Именно Хартманн (1939) открыл путь новым концепциям. Его утверждение о том, что ребенок рождается преадаптированным, то есть подготовленным к «среднеожидаемой среде», содержит в себе как более точную биологическую, так и безусловно социетальную формулировку. Даже наилучшие отношения матери и ребенка сами по себе не способны выстроить хрупкую и сложную «среду», которая позволит человеческому детенышу не только выжить, но и развить потенциал роста и уникальности. Экология человека в своих измерениях охватывает константу естественного и переменного исторического и технологического, из чего очевидным образом следует, что лишь постоянный социальный метаболизм и постоянная (и почти всегда неуловимая) перестройка традиций могут гарантировать каждому новому поколению младенцев то, что относится к «среднеожидаемой среде». Сегодня, в эпоху стремительных технологических перемен, вопрос о применении научных инструментов и сохранении гибких форм «среднеожидаемой» последовательности воспитания и образования детей в действительности превращается в вопрос выживания человеческого рода.
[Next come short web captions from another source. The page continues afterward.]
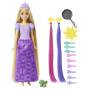 Mattel HLW18 Disney Princess Haarspiel Rapunzel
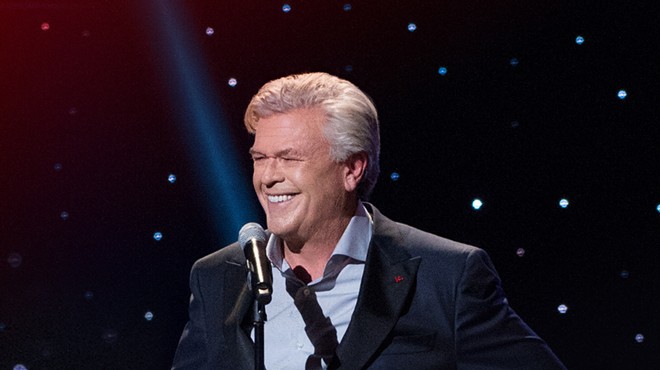 Comedian Ron White To Perform on June 6 at MGM Northfield Park — Center Stage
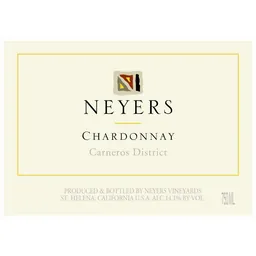 Neyers Carneros Chardonnay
Специфический характер преадаптированности младенца (а именно его готовности к прохождению предопределенных этапов развития через институционализированные психосоциальные кризисы) требует не только существования базисной среды, но и целой цепочки таких сред, выстроенных последовательно одна за другой. «Адаптируясь» и совершая прорывы в очередную стадию своего развития и достигнув ее, ребенок делает заявку на вхождение в очередную «среднеожидаемую среду». Другими словами, человеческая среда должна допустить и обезопасить скачкообразное и вместе с тем последовательное с культурной и психологической точки зрения прохождение ребенком этапов его развития, каждый из которых все больше и больше увеличивает радиус жизненных задач. Все это переносит так называемую биологическую адаптацию человека в контекст жизненных циклов, которые соотнесены с реализуемой историей сообщества. Следовательно, перед психоаналитической социологией встает задача концептуализации среды человека как последовательных попыток эго старшего поколения участвовать в организованных усилиях по созданию целостной последовательности среднеожидаемых сред для эго молодого поколения.